I have a Browning BPS in camo it'll take 3 1/2" and has screw in chokes 28"'barrel, but I rarely use it. I've not modified it at all other than to put on a stock sleeve for extra shells.


----------



## Mark Steinmann (Jan 28, 2014)

I go old school with my Stevens side by side 12 gauge running 2 3/4" shells. Not the best shotty I'm sure, but I love it!










-Mark

Sent from my SM-N900V using Tapatalk


----------



## prairiewolf (Feb 19, 2012)

I use an old Mossberg 12 ga. I have dipped the stock myself and put a new barrel on it. I think it is a 20" with screw in chokes. Here is the way it looked with original 28" barrel. I will post an updated pic later today. You really dont need a fancy shotgun for predator hunting, just make sure it goes bang !!!


----------



## mayhemhunter (Mar 28, 2015)

I'm running a budget gun! Love it so far though. It's a tristar raptor 28" semi auto with screw in chokes. gun is light to carry and fairly light on recoil. I broke down and bought some hornady heavy magnum coyote 3" bb, seems to shoot good out of either ic or mod choke, didn't have any real big targets to shoot when patterning but on my targets it seemed a bit better maybe with the modified. . I live in ok, and we can't use buck shot.

Sent from my HTCONE using Tapatalk


----------



## glenway (Mar 27, 2011)

*Dust*: Why not a 3 1/2-inch chamber? You don't have to use the larger shells on a given day, but some day you may want the extra pellet count for turkeys, geese, or even coyote.

*Mayhemhunter*: You might want to get a big sheet of paper for the patterning test - 48 inches square. Here's why: The results you've noticed so far may not be indicative of anything other than the fact the gun goes bang. I know your ammo's expensive and that you don't want to waste any of it.

Once you get the big sheet of paper, set it up at 40 yards. Use some 2 3/4-inch shells with 1 oz. or 1 1/8 oz. of bird shot - or any other inexpensive stuff you may have. Put a mark on the paper and aim right at it from a solid rest like you would with a rifle. See where the pattern is centered. Do it a couple of times to make sure results are consistent. If the patterns are not dead center, you'll have to take that into consideration one way or the other.

Substitute the coyote ammo and look for pockets of clean target on the test pattern; you want to see complete coverage. Finally, draw a 30-inch circle around the heaviest density of shot on the target. Count the shot inside the circle and divide it by the number of shot in the load. (Tables are available.) The percentage gives you the actual choke.
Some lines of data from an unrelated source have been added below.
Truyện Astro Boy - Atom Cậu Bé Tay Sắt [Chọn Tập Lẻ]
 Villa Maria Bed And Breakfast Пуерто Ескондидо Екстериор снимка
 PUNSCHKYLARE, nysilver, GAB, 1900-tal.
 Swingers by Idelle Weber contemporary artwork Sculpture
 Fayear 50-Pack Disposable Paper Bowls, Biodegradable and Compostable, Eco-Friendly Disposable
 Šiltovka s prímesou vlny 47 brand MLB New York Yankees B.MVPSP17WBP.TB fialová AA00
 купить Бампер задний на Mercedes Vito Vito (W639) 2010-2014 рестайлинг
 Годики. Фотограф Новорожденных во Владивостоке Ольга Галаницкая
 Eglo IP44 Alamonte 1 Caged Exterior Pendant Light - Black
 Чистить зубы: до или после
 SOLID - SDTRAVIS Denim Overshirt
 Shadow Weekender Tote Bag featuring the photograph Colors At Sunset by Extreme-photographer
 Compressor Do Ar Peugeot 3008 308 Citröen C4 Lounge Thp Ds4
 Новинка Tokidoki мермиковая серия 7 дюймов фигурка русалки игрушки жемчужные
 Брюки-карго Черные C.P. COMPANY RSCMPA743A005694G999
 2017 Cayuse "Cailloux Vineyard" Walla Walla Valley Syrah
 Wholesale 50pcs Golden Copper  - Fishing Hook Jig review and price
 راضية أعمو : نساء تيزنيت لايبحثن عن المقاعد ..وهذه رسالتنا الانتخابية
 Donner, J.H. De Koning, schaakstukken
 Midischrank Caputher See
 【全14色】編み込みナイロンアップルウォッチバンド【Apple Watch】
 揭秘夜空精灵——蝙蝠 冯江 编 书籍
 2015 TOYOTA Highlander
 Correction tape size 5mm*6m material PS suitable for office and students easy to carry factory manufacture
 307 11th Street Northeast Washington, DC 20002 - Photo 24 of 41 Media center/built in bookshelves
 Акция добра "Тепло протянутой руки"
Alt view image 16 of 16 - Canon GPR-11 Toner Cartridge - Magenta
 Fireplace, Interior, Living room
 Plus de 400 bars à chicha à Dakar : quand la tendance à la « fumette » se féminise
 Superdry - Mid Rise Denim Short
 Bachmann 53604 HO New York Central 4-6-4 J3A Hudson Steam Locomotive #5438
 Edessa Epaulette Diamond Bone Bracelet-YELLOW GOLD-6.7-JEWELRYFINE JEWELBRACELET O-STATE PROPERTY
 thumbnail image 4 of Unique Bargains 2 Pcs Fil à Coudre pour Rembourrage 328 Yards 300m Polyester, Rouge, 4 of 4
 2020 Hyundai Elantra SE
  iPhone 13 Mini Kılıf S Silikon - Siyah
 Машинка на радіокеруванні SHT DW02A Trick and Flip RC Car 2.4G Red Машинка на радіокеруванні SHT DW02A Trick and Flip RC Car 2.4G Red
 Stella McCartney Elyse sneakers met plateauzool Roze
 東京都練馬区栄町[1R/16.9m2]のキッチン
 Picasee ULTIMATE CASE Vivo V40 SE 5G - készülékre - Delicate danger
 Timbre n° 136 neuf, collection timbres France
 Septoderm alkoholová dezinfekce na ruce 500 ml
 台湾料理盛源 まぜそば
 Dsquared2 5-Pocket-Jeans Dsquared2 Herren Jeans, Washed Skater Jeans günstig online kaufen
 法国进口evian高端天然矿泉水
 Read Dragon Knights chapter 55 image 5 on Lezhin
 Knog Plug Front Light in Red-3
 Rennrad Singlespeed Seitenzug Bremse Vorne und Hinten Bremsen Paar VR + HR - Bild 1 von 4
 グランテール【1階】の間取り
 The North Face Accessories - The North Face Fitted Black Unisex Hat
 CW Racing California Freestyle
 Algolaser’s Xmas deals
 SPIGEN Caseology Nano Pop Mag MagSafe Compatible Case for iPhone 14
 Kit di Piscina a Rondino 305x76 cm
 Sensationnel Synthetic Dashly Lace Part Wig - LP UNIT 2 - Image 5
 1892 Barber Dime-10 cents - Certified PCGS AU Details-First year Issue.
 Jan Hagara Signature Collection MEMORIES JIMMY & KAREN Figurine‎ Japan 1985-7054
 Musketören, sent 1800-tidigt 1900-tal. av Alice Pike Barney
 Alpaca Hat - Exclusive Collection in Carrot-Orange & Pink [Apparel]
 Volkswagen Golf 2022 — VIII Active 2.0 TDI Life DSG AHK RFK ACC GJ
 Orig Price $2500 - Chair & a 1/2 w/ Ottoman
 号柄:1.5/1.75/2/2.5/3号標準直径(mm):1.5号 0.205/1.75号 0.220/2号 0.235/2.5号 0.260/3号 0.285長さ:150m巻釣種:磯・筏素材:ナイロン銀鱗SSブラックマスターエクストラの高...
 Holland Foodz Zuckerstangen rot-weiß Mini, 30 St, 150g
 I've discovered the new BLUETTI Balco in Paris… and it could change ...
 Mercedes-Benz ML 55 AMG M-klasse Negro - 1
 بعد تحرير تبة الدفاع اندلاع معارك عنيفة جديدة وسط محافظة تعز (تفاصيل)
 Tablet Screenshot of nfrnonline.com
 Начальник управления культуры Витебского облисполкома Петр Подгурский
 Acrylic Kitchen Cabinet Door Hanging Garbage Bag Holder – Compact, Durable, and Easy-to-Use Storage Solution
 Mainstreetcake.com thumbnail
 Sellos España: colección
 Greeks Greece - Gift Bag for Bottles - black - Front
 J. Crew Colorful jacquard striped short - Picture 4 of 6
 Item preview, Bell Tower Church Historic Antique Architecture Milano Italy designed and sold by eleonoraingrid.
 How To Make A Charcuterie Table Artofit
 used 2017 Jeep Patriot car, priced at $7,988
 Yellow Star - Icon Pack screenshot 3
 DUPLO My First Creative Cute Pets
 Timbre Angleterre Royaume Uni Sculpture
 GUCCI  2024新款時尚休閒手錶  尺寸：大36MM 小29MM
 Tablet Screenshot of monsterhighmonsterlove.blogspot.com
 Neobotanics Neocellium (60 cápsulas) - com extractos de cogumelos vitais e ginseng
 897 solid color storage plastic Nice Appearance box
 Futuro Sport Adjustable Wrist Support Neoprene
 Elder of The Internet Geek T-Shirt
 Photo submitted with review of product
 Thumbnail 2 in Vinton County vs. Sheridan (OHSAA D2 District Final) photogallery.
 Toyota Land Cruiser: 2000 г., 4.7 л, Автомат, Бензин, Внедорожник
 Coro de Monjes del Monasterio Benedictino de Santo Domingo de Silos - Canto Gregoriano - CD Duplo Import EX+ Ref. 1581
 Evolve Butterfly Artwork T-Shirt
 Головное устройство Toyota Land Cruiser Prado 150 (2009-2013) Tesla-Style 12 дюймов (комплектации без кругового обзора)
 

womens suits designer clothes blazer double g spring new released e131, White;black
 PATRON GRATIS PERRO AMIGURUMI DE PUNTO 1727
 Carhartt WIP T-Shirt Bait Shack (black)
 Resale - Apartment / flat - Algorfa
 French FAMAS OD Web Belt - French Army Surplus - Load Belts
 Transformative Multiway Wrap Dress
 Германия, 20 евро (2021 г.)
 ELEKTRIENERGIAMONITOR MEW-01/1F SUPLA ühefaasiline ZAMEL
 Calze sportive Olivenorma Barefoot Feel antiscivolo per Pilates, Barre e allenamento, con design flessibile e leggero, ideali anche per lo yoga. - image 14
This way, you can save some of that expensive ammo for the real thing, while understanding what's going on downrange. You can follow up by extending the range of the pattern test, too.


----------



## texaspredatorhunter (Aug 14, 2014)

I'm not quite sure what the 3.5 in 12 gauge craze is but I would rather have a 10 gauge because the 12s with 3.5 shells with a tight choke have the tendencies to "foul" the pattern slightly. I hunted geese and turkey with a 20 and 3 inch shells for many years. The way I see it get well versed in shot gunning and you won't need the 3.5 inch. I can miss just as good with high dollar shells as the cheap ones. Now in my younger, dumber years I shot the 3.5s on snow geese and I paid dearly the next day and have not picked them up since. I can honestly say I use 2.75 more often than not even for duck. I have both a 12 and 20 Remington 870, both 28" barrels and modified, turkey, skeet, and ic chokes.


----------



## glenway (Mar 27, 2011)

I've gone to 2 3/4-inch for turkeys, although my gun will shoot 3 1/2-inch shells, as well. It was merely suggested as an option.


----------



## JTKillough (May 4, 2010)

I can't say how well it works, because I've never had the opportunity to take a coyote with it, but I have a 12 gauge Mossberg 835 with a Carlsons Coyote Choke. I have some 3 inch Hevi-Shot Dead Coyote shells with T-shot, I run one of those in first, then back it up with a pair of 3 inch 2-Bucks. The shotty is equipped with a rail and dot sight, all camouflaged except for the choke. The whole machine kicks a little and has a tendency to bruise a guy, but the pattern looks good to 50 yards.


----------



## Dust (Mar 16, 2010)

Scott Carlson, in his interview with Brian Downs on the Predator Hunting talkcast, mentioned that after pattern testing both the 3 and 3.5, that he doesn't recommend the 3.5 generally.



glenway said:


> *Dust*: Why not a 3 1/2-inch chamber? You don't have to use the larger shells on a given day, but some day you may want the extra pellet count for turkeys, geese, or even coyote.


----------



## Dust (Mar 16, 2010)

JTKillough said:


> I can't say how well it works, because I've never had the opportunity to take a coyote with it, but I have a 12 gauge Mossberg 835 with a Carlsons Coyote Choke. I have some 3 inch Hevi-Shot Dead Coyote shells with T-shot, I run one of those in first, then back it up with a pair of 3 inch 2-Bucks. The shotty is equipped with a rail and dot sight, all camouflaged except for the choke. The whole machine kicks a little and has a tendency to bruise a guy, but the pattern looks good to 50 yards.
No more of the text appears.